* [WHAT THIS TASK INVOLVES]: Leaving out the pictures, return word for word the stretch of entries below from the line holding "3x appelboom malus" through the line holding "Workshop workbench in solid oak".

* [RECORDS FOR THIS TASK]:
⁂

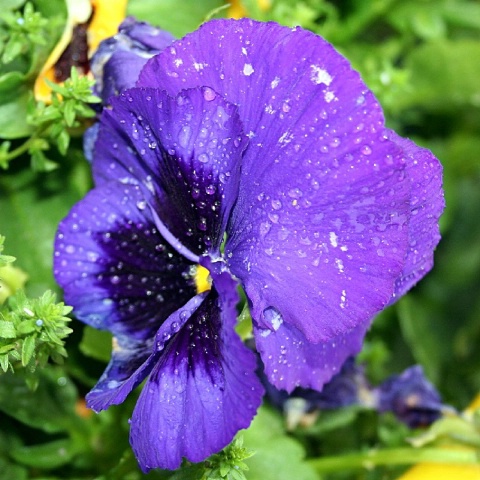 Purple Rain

⁂

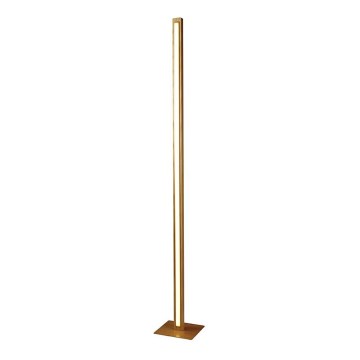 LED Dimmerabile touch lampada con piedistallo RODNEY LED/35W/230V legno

⁂

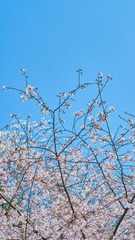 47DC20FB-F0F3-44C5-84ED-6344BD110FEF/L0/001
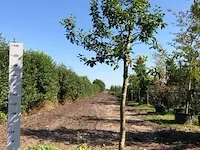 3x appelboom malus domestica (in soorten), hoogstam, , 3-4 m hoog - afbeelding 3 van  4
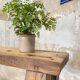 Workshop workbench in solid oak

⁂

* [ANSWER]:
 3x appelboom malus domestica (in soorten), hoogstam, , 3-4 m hoog - afbeelding 3 van  4
 Workshop workbench in solid oak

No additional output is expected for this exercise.